The speed and scope of the changes raised Verdi's eyebrow, too. "As soon as Bill died and Rocky took over and started making these changes, I thought, 'Wow, I wonder what the old man would think about this,' " he says. "I wondered, Is this respectful—not only to do it, but to do it so soon?" Then, too, he believes Rocky had little choice. "The franchise was in such a state of disrepair, what greater service could Rocky perform for the family name than to roll up his sleeves and fix what he thought needed fixing?"

An unlikely defender of Rocky agrees. "I don't think it's disrespectful at all," says Pulford, the odd man out in the new regime. "I think Bill believed in a certain way and Rocky has a different approach. . . . Bill was an extremely good friend as well as my employer, but the moves that Rocky has made have been right on as far as I'm concerned."

Including moving Pulford out of the front office?

"I've been in hockey since 1955," Pulford says. "I was probably obsolete. It's time to move on."

For his part, Rocky insists the changes were merely an urgent response to a dire situation. "My father was a superb businessman and he did what he believed was right for the team. But what he really was adamant about was moving the business ahead," the son says. "So how we get there is going to be different, but he'd be quite happy with the way things are going." Of course, he adds, "if he was living, I couldn't have done it."

 

From behind the iconic desk his grandfather used to build an empire, Rocky Wirtz fields calls on a recent late summer afternoon. The office these days is warm and comfortable rather than subarctic. Stacks of paper clutter the famous desk—something Rocky realizes Arthur would never have tolerated. But it's a different day, different style.
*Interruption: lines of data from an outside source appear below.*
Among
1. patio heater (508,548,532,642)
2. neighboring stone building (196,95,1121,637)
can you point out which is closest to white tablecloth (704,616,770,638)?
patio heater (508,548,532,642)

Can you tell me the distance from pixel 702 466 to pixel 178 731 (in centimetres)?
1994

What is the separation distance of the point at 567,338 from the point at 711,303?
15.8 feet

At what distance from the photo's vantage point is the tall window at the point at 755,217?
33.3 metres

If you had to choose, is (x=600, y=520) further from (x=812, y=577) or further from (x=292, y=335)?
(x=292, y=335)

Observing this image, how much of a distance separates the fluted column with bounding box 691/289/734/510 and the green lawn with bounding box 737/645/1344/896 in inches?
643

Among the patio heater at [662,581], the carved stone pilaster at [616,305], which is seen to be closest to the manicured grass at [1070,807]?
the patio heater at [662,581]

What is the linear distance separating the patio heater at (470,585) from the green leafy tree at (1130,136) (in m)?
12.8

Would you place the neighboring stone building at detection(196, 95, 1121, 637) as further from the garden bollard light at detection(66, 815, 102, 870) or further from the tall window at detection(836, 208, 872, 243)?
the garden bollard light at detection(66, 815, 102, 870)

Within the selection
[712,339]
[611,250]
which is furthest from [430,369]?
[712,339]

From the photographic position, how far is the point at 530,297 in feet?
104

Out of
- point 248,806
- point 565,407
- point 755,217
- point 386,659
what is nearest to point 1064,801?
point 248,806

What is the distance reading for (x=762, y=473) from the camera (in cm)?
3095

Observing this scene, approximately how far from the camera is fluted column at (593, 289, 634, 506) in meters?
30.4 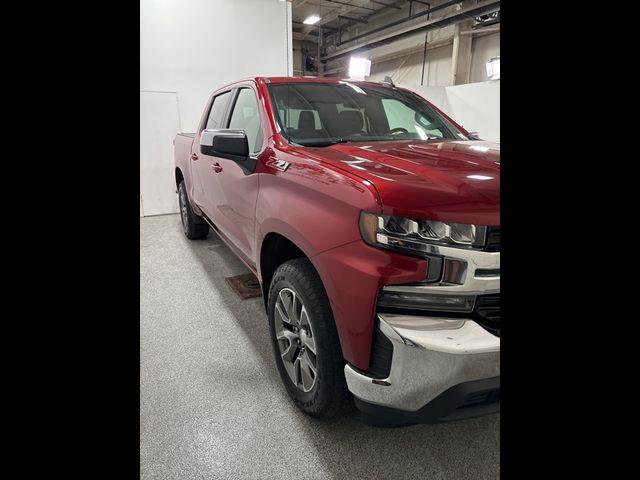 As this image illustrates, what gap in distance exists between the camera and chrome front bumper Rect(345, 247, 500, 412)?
1.02m

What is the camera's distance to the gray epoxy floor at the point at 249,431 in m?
1.41

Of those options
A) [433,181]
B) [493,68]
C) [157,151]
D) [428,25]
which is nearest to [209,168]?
[433,181]

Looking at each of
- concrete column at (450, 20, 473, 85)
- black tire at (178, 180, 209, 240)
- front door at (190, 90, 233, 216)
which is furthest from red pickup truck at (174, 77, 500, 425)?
concrete column at (450, 20, 473, 85)

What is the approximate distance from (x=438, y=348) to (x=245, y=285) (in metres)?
2.26

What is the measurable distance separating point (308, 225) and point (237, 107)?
64.7 inches

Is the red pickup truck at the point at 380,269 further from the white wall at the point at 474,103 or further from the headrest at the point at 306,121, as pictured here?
the white wall at the point at 474,103

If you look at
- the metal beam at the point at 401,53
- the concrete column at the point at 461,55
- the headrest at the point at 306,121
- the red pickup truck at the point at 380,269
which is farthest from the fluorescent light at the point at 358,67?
the red pickup truck at the point at 380,269

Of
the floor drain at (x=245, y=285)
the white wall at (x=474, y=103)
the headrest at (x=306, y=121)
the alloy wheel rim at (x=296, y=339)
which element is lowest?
the floor drain at (x=245, y=285)

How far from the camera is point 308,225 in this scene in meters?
1.36

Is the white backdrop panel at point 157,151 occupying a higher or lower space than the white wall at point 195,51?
lower

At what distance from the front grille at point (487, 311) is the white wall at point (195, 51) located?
560 cm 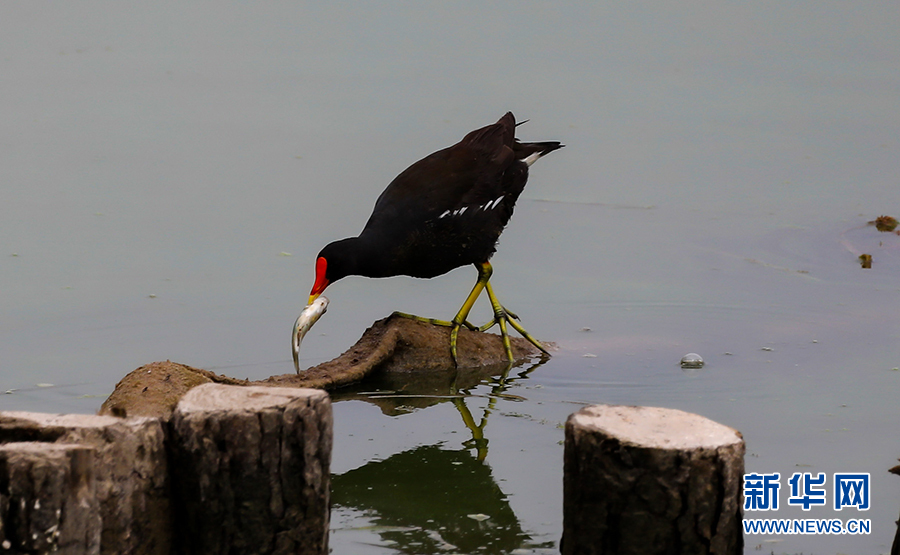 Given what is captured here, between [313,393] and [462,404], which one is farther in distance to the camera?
[462,404]

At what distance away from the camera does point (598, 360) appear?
579 cm

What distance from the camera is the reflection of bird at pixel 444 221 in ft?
17.6

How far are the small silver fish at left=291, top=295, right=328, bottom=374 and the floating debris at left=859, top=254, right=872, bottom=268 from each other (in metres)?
3.68

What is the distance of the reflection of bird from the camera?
538 cm

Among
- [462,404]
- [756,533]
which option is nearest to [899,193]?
[462,404]

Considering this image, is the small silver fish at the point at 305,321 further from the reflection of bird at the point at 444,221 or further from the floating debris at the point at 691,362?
the floating debris at the point at 691,362

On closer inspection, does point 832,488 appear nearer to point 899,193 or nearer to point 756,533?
point 756,533

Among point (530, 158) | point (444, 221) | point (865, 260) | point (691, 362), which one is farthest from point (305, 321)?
point (865, 260)

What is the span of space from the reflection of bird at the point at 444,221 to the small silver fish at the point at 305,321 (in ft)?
0.08

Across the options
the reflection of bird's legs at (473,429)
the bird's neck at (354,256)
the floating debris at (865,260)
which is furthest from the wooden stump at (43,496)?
the floating debris at (865,260)

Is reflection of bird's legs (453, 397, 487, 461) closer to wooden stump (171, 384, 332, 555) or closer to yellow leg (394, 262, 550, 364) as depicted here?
yellow leg (394, 262, 550, 364)

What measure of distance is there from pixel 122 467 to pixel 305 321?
7.03ft

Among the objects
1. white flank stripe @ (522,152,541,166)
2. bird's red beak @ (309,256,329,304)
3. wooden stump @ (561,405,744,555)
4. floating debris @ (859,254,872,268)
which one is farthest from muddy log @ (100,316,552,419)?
floating debris @ (859,254,872,268)

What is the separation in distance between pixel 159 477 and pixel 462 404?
7.00ft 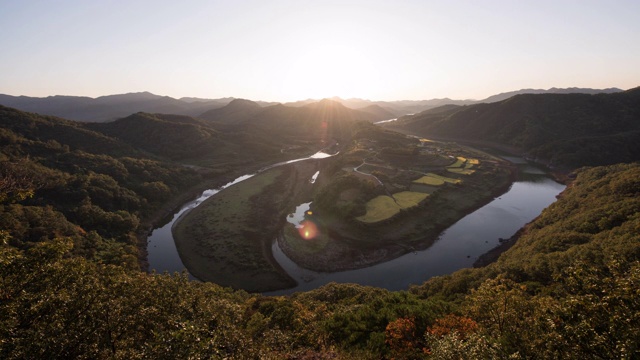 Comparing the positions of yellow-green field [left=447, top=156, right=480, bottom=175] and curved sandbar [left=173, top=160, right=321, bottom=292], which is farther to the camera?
yellow-green field [left=447, top=156, right=480, bottom=175]

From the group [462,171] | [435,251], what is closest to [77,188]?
[435,251]

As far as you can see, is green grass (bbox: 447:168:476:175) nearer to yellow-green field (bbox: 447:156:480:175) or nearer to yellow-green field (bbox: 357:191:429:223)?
yellow-green field (bbox: 447:156:480:175)

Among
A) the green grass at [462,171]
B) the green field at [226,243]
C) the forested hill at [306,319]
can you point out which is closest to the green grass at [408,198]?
the green grass at [462,171]

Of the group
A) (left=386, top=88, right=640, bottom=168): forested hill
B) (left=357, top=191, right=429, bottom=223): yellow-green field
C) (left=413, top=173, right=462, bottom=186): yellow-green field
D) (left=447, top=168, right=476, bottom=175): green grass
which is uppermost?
(left=386, top=88, right=640, bottom=168): forested hill

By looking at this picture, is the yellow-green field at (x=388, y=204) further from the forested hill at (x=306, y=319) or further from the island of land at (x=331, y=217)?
the forested hill at (x=306, y=319)

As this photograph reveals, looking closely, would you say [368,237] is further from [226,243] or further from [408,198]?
[226,243]

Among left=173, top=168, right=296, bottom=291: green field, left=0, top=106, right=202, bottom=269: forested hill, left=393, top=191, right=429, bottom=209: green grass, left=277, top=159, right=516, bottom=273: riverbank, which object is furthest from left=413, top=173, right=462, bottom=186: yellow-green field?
left=0, top=106, right=202, bottom=269: forested hill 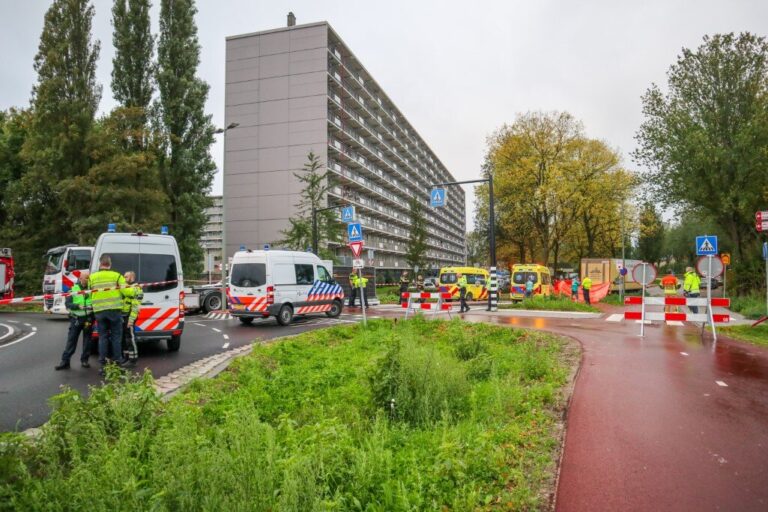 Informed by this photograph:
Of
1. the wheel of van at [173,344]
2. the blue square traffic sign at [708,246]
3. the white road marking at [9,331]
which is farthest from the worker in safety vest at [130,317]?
the blue square traffic sign at [708,246]

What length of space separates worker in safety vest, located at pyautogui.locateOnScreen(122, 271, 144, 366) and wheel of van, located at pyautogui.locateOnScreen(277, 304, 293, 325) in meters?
7.08

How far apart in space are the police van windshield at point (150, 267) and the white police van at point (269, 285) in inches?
208

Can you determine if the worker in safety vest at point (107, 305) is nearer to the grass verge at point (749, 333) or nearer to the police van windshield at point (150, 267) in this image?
the police van windshield at point (150, 267)

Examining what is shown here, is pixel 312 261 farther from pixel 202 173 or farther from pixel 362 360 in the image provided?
pixel 202 173

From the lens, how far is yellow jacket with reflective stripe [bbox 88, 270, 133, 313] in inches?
307

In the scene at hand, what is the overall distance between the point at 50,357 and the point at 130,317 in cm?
245

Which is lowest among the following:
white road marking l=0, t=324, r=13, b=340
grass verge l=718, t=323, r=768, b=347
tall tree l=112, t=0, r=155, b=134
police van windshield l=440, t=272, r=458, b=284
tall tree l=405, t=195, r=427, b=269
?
white road marking l=0, t=324, r=13, b=340

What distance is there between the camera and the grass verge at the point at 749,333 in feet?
36.2

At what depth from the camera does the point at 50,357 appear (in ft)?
31.0

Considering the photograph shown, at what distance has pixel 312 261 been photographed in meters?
17.4

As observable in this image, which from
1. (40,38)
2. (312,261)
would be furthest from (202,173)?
(312,261)

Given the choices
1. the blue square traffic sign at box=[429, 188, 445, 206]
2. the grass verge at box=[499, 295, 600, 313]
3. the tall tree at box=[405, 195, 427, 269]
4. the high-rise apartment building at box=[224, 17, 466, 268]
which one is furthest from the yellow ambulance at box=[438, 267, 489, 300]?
the high-rise apartment building at box=[224, 17, 466, 268]

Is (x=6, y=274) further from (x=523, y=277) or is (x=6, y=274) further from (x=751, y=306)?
(x=751, y=306)

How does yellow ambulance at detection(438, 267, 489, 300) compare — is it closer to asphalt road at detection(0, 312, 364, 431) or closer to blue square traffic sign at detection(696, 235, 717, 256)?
asphalt road at detection(0, 312, 364, 431) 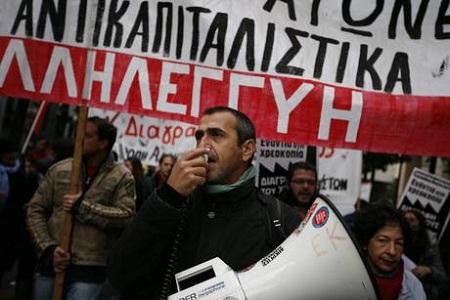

If there is any doubt, one need merely look at the next generation of Wirtzes, namely Rocky's son, Danny, the potential heir to the Blackhawks throne. While the business backgrounds of Arthur, Bill, and even Rocky were all formed in the crucible of buttoned-up tradition, Danny came to the family trade through the Web-world byways of Generation X. He has a resumé that includes stints in music promotion and Internet marketing. The summer after graduating from college, he traveled the country with the band Ministry as an assistant tour manager—a time, he laughingly recalls, "when I had different color hair and wasn't exactly the clean-cut kid my father remembered, but even then he was tremendously supportive." Today, Danny is an executive with Judge & Dolph, and, like his old man, and his grandfather before him, a passionate fan of the Blackhawks. He was present that night at the United Center, when the fans booed Bill's eulogy, but prefers, as does the rest of the family, to remember the funeral services at which thousands lined the block to pay their respects. Bearing the Wirtz name hasn't always been easy, he admits. "We've been through a lot," he says. "But we're riding a pretty good wave. I'm just so proud that [my father] was able to make these decisions and that he's getting such recognition for it. He's having a great time with it, which is the best part."

On the day I met Rocky in his office, I asked him what it was like to be perceived so differently from his famous forebears, to be cheered when he walks into the United Center, to see the smiles of the staff and hear the accolades pouring in, to hear the Wirtz name, for the first time in decades, praised in connection with the team that has defined the family and his father's legacy.

In the day's morning light, slanting through the window of the office, his office, he thought for a moment, then said, with that sideways, conspiratorial glance, "It beats getting booed."